How to complete this task. Down to the last line below, repeat the entries word for word and drop the pictures.

Web page caption snippets
# # # #

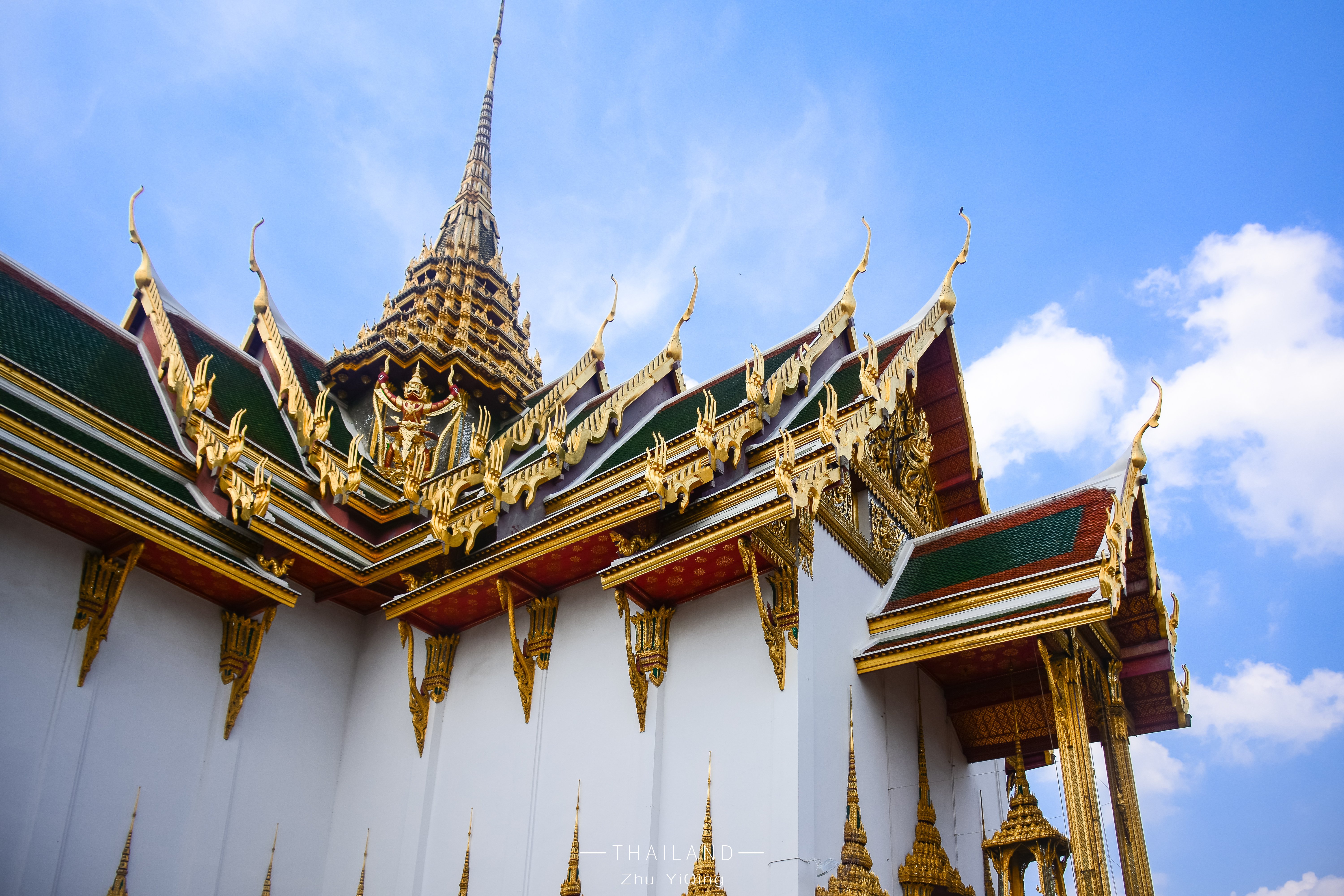 走一回大皇宫，感受泰国百年建筑艺术的心灵震撼
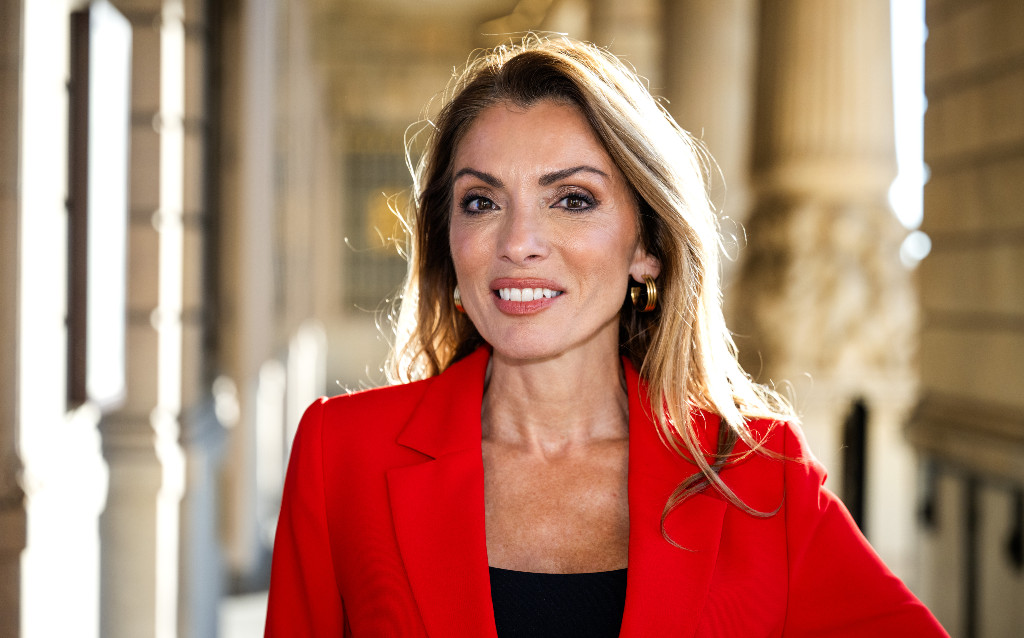 Alexandra Pascalidou prisas: ”Feminism ett arv och ett ansvar” 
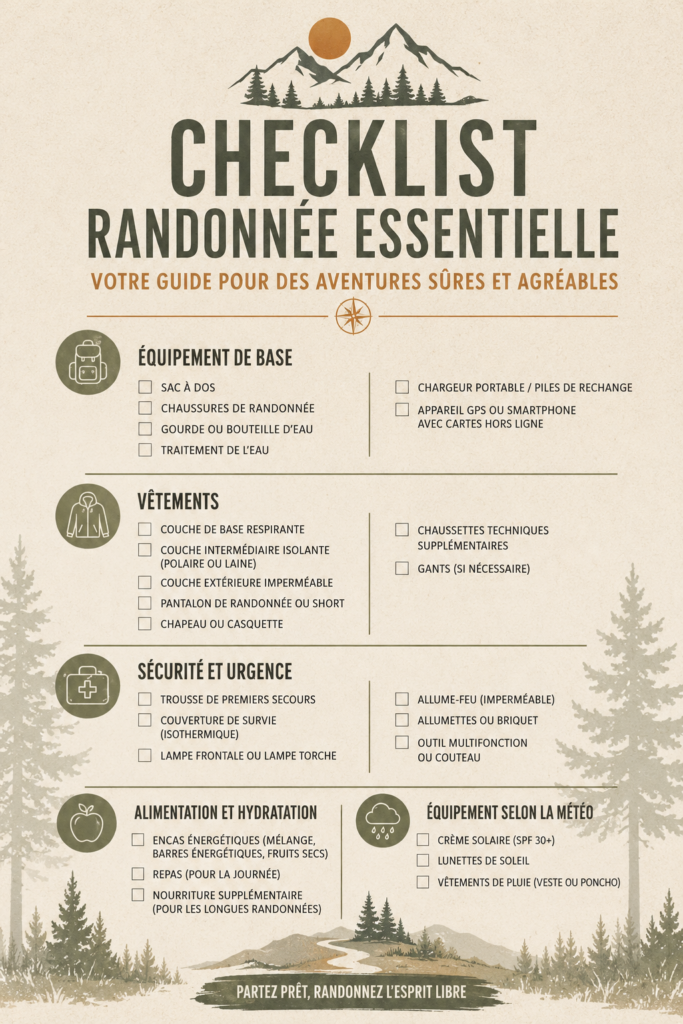 Un groupe de femmes préparant leur matériel pour une randonnée en montagne.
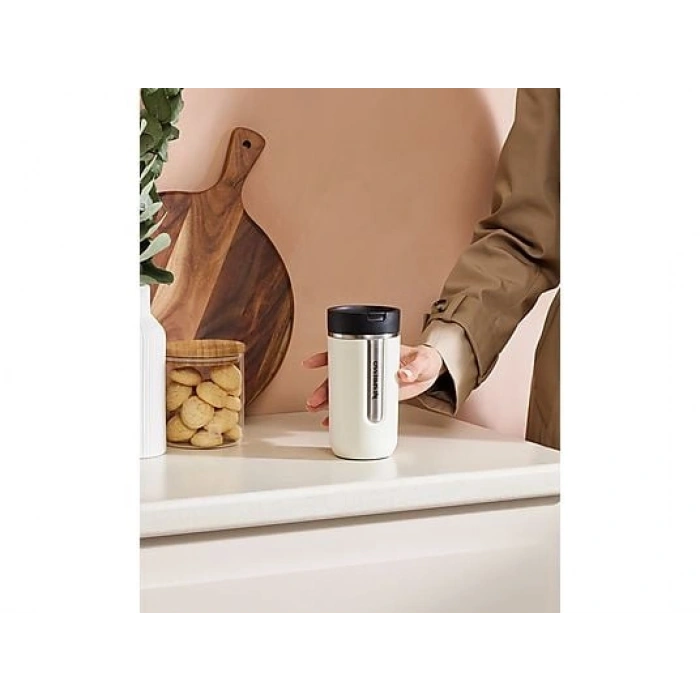 NESPRESSO Termos Vanilla Beyaz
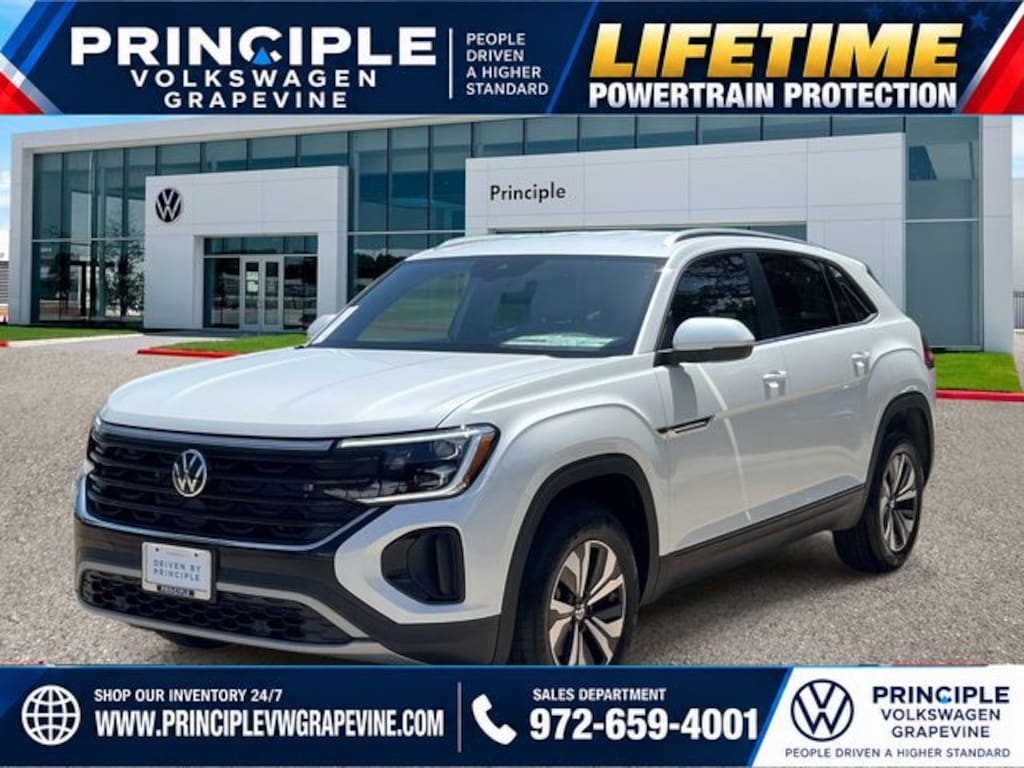 New 2026 Volkswagen Atlas Cross Sport SE SUV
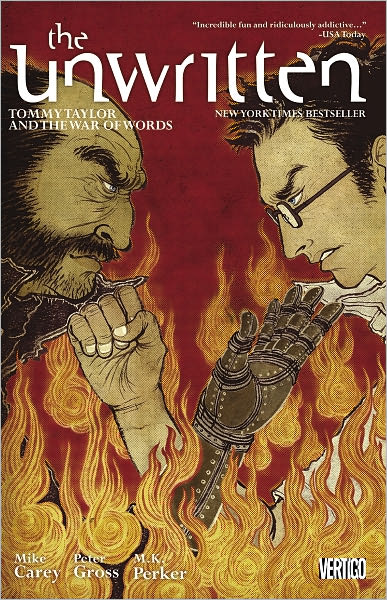 The Unwritten Volume 6: Tommy Taylor and the War of Words (NOOK Comics with Zoom View)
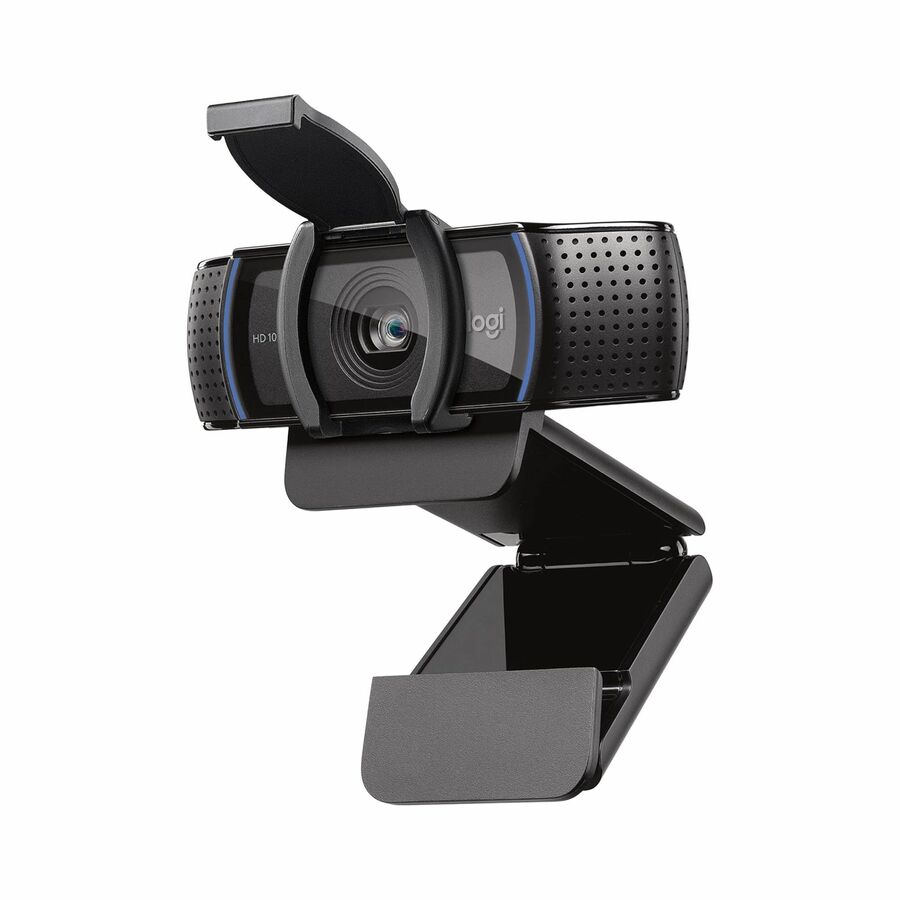 Logitech C920e HD 1080p Mic-Enabled Webcam, certified for Zoom, Microsoft Teams compatible, TAA Compliant
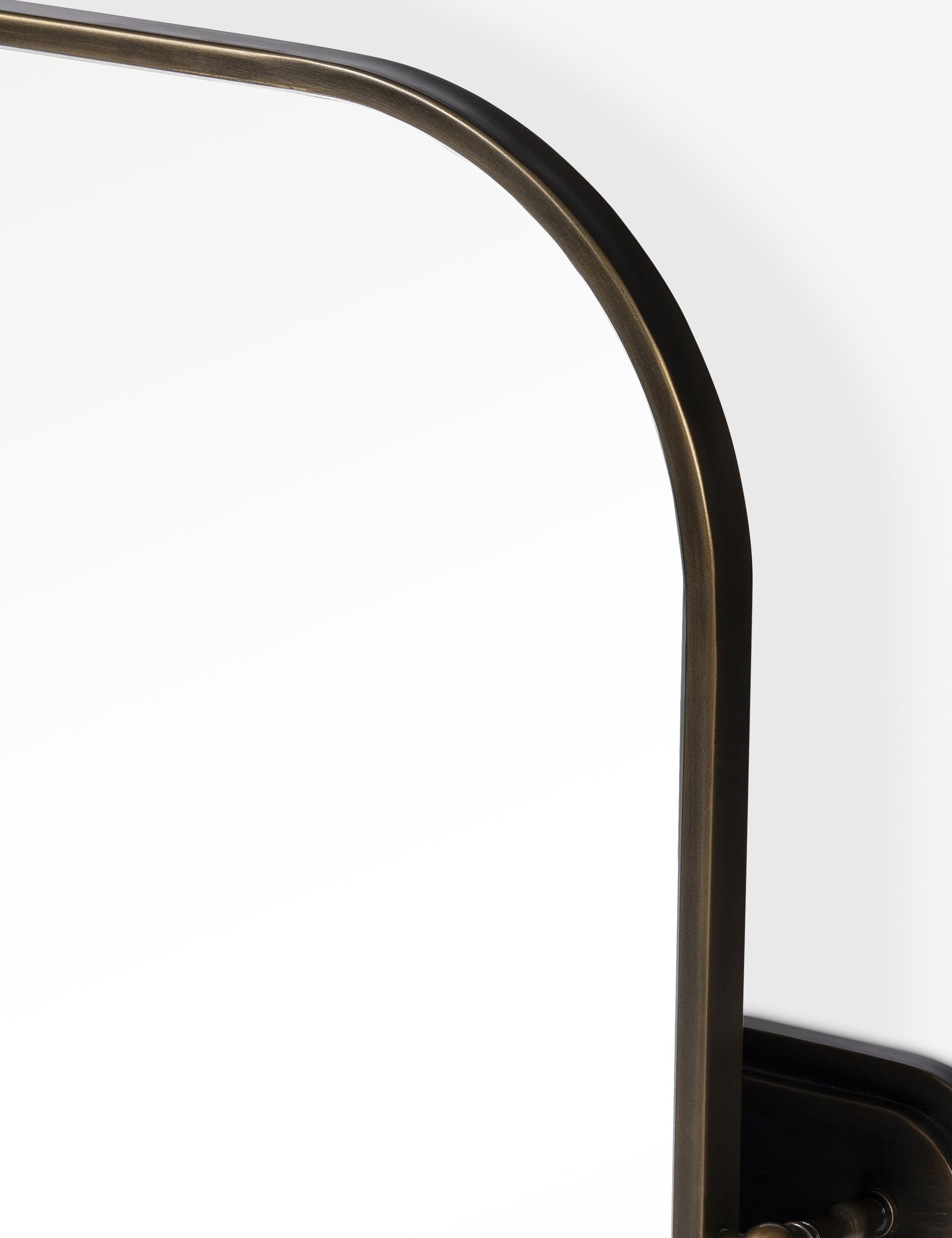 Amber Lewis x Four Hands Beau Mirror - Elegant Wall Mirror for Living Room, Bedroom, and Entryway Decor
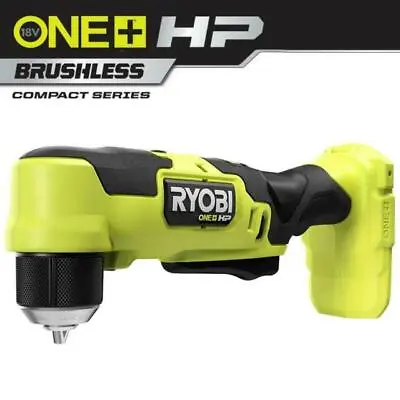 Ryobi 18V Cordless Right Angle Drill - PSBRA02B • $64.95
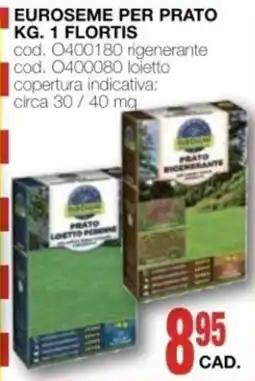 Mondo Brico Euroseme per prato Flortis offerta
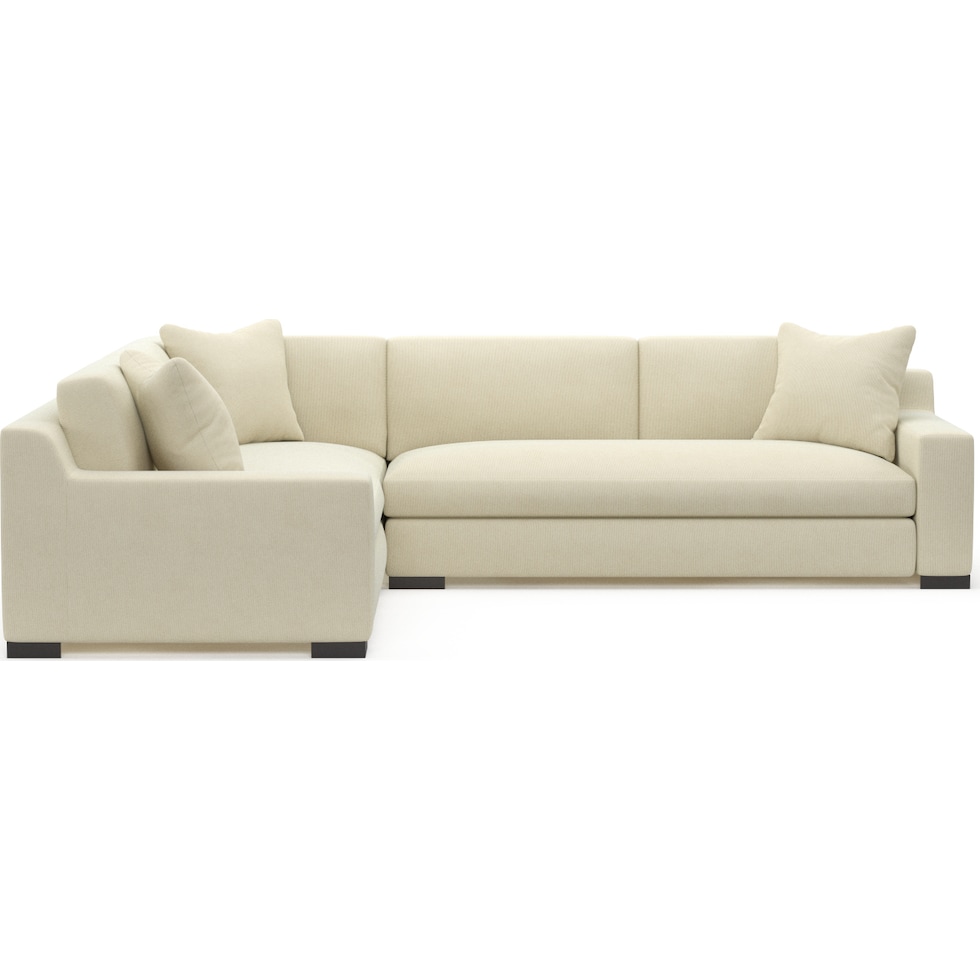 ethan white sectional   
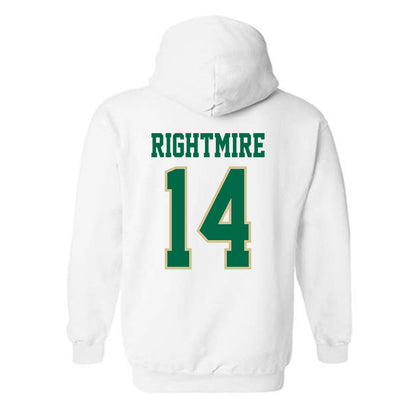 USF - NCAA Women's Soccer : Ava Rightmire - Classic Fashion Shersey Hooded Sweatshirt-1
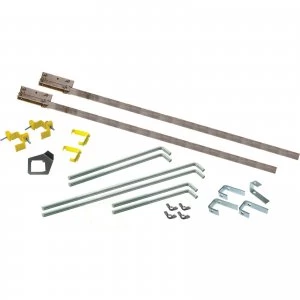Image of Faithfull 2 Meter External Building Profiles and Fittings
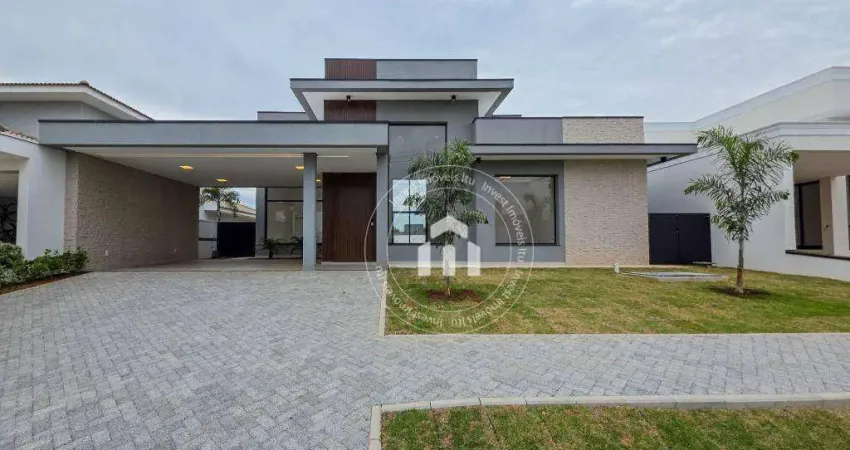 Casa com 4 dormitórios à venda, 376 m² por R$ 3.800.000,00 - Condomínio Xapada Parque Ytu - Itu/SP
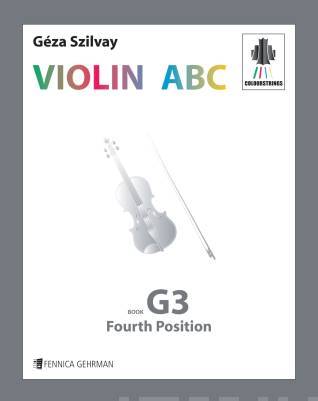 Colourstrings Violin ABC: Book G3 (epub) - Fourth position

# # # #

Response to the exercise.
 走一回大皇宫，感受泰国百年建筑艺术的心灵震撼
 Alexandra Pascalidou prisas: ”Feminism ett arv och ett ansvar” 
 Un groupe de femmes préparant leur matériel pour une randonnée en montagne.
 NESPRESSO Termos Vanilla Beyaz
 New 2026 Volkswagen Atlas Cross Sport SE SUV
 The Unwritten Volume 6: Tommy Taylor and the War of Words (NOOK Comics with Zoom View)
 Logitech C920e HD 1080p Mic-Enabled Webcam, certified for Zoom, Microsoft Teams compatible, TAA Compliant
 Amber Lewis x Four Hands Beau Mirror - Elegant Wall Mirror for Living Room, Bedroom, and Entryway Decor
 Ryobi 18V Cordless Right Angle Drill - PSBRA02B • $64.95
 Mondo Brico Euroseme per prato Flortis offerta
 ethan white sectional   
 USF - NCAA Women's Soccer : Ava Rightmire - Classic Fashion Shersey Hooded Sweatshirt-1
Image of Faithfull 2 Meter External Building Profiles and Fittings
 Casa com 4 dormitórios à venda, 376 m² por R$ 3.800.000,00 - Condomínio Xapada Parque Ytu - Itu/SP
 Colourstrings Violin ABC: Book G3 (epub) - Fourth position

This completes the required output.